The truth is, "Byzantium" is far away from being a horror film and shows little to no signs of scares. However, there are plenty of thrilling moments, yet more of an adventurous or romantic nature, therefore I feel that these quotes in which the marketing and advertising department are using at this moment will end up doing this film more harm than good.
Directed by a masterful Neil Jordan (The Crying Game, Interview With The Vampire: The Vampire Chronicles, Michael Collins) "Byzantium" is a visual masterpiece without a doubt. The marvelous angles, the constant color contrasting and vibrant visualization of bringing out the deepest and purest color of red during each and every scene that showed blood was miraculous.
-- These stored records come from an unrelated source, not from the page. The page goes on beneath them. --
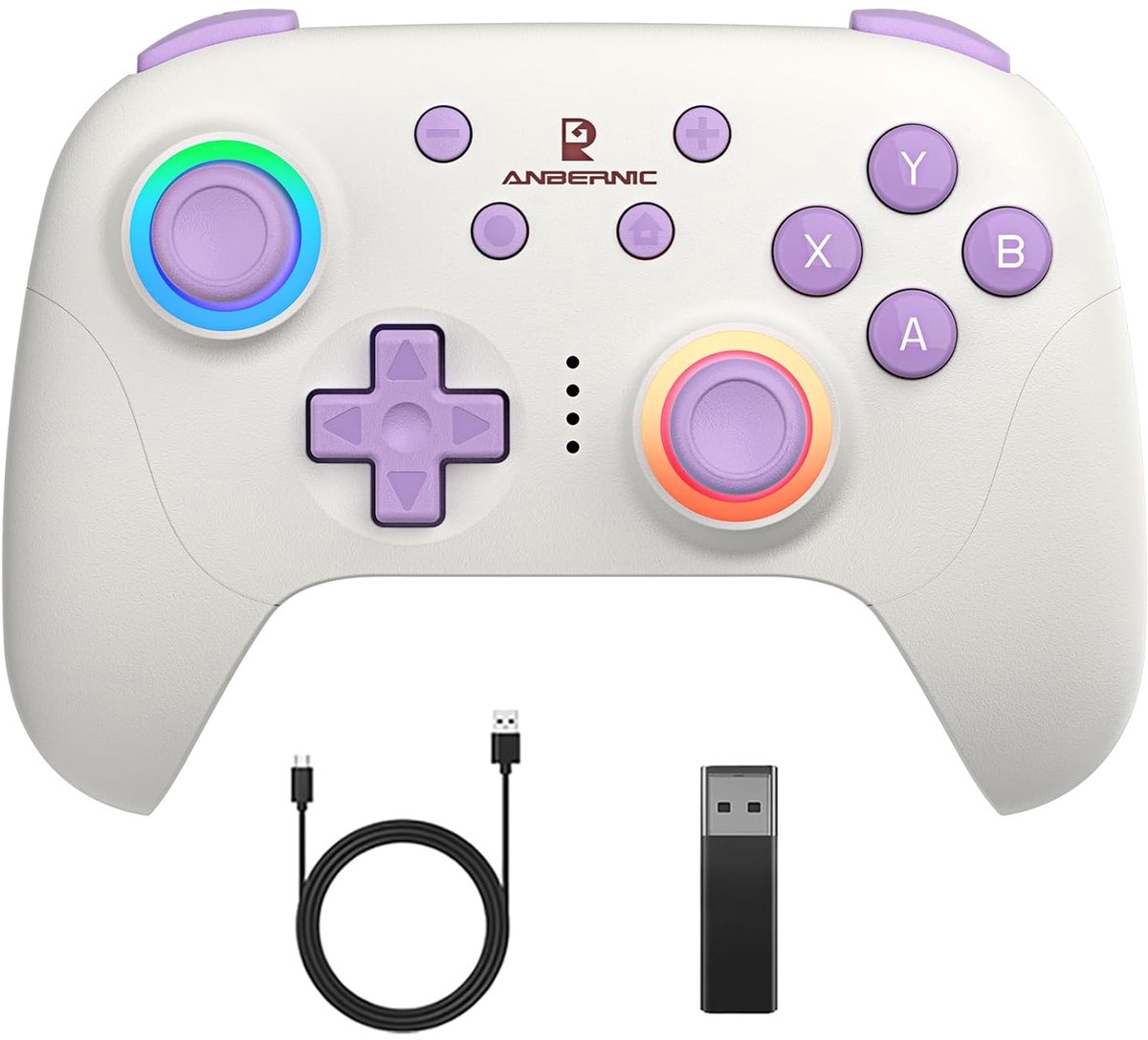 Anbernic RG P01 - Draadloze Game Controller - Bluetooth & 2.4GHz - Hall Effect Joysticks - RGB Verlichting - Oplaadbare Batterij - Multi-Platform Compatibel - Ergonomisch Design - Wit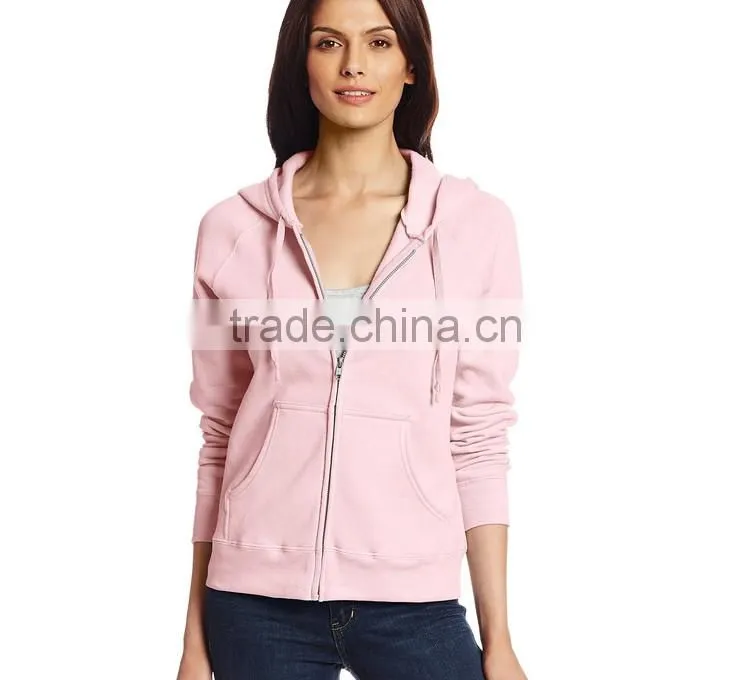 china promotional custom supreme quality polyester / cotton zipper long sleeve plain sport hoodie for women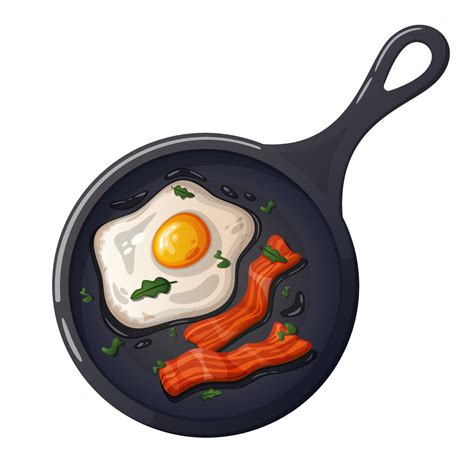 Cartoon Bacon With Fried Eggs In A Frying Pan 9964791 Vector Art At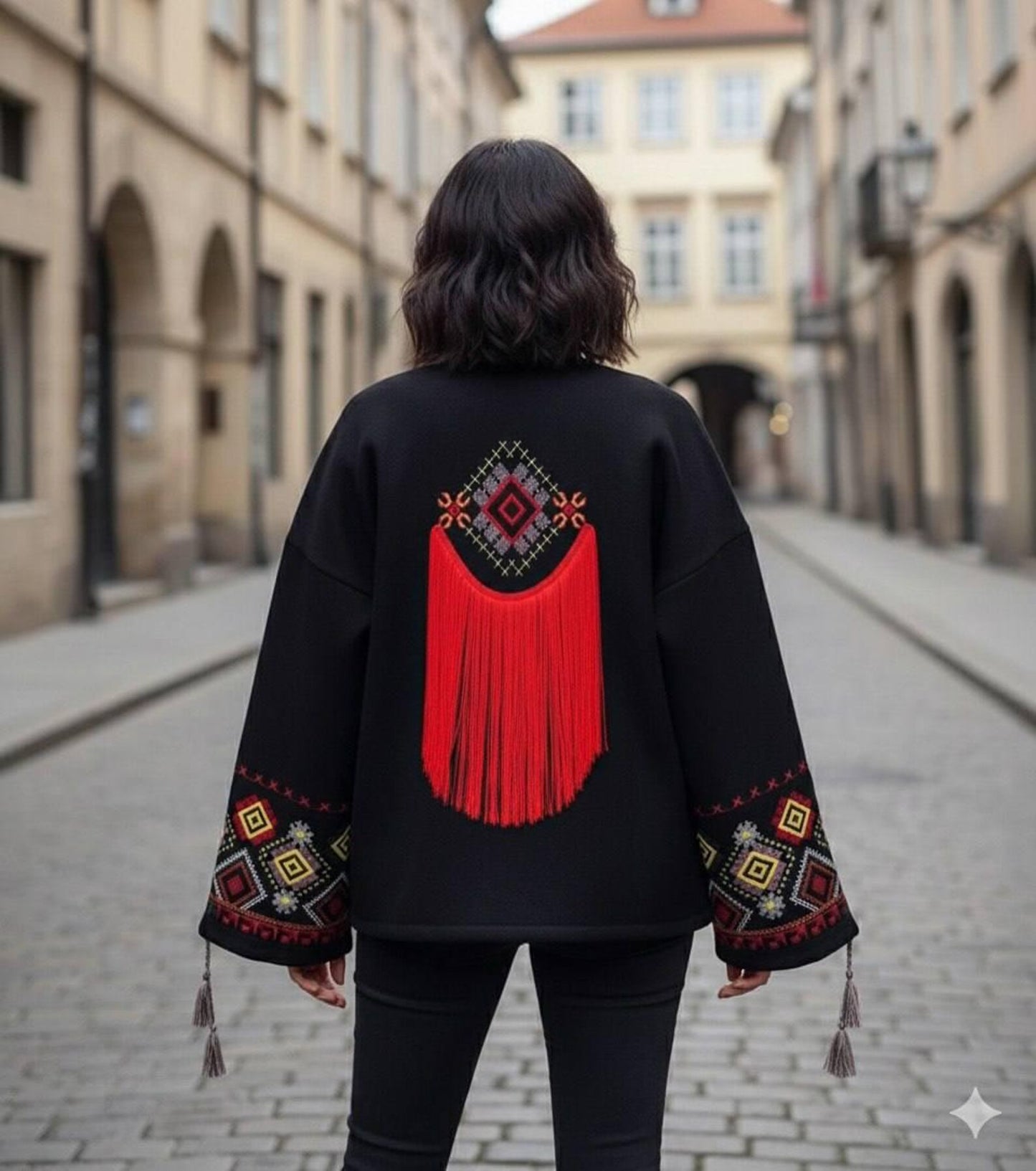 Charming Folk Style Jacket with Geometric Embroidery and Tassels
The overall story behind "Byzantium" was a refreshing take on another flooded genre in film making and should have been the focal point with the marketing and the direction taken with promotion. The sum of the subtle and effectively executed differences portrayed during the 118 minutes showed a certain level of genius.
However, the flaws in this film teeter the fence dangerously at times, mainly with the length of time the production crew took to deliver a main theme for the film. To put it simply, "What exactly are they getting at?" was the question I asked for damn near an hour.
Unless research was done, or the trailer was watched, viewers were not certain on the full context of the film until the ending sequences. The oftentimes vague nature of the dialogue bred a borderline boredom, where some films can get away with this approach, "Byzantium" could not, however with that being said, the re-watch value is extremely high.
The biggest flaw that irritated me was the relationship between mother and daughter, played by Gemma Arterton (Hansel & Gretel: Witch Hunters, Prince Of Persia: The Sands Of Time) and Saoirse Ronan (The Lovely Bones, Atonement). I may be giving away more than I usually do, but I want to say that I couldn't quite understand how and I have a hard time believing that with the daughter being two centuries old, that both women didn't mature out and evolve away from the cliche teenager vs. parent syndrome and the fights and bickering that are well known to arise.
Along with that, the mannerisms, dialogue delivery and overall approach of Caleb Landry Jones (Frank) was piss poor, very awkward to watch and even harder to listen to and understand. This guy looked the part, but he failed miserably when it came to his execution. The scene with him at the top of the school staircase was the final straw with me and him. His inexperience gleamed with the "what should I do with my hands?" disorder.
Overall I only recommend "Byzantium" to fans of Jordan, Arterton and Ronan, because I beleive they will truly appreciate the film for what it is and what it's worth. IMDB has successfully grouped this film in the "Drama" category followed by "Fantasy" and finally "Horror", which in my opinion should be "Romance" instead. I could see "Twilight" fans enjoying this, but not many horror die-hards. You choose and you decide.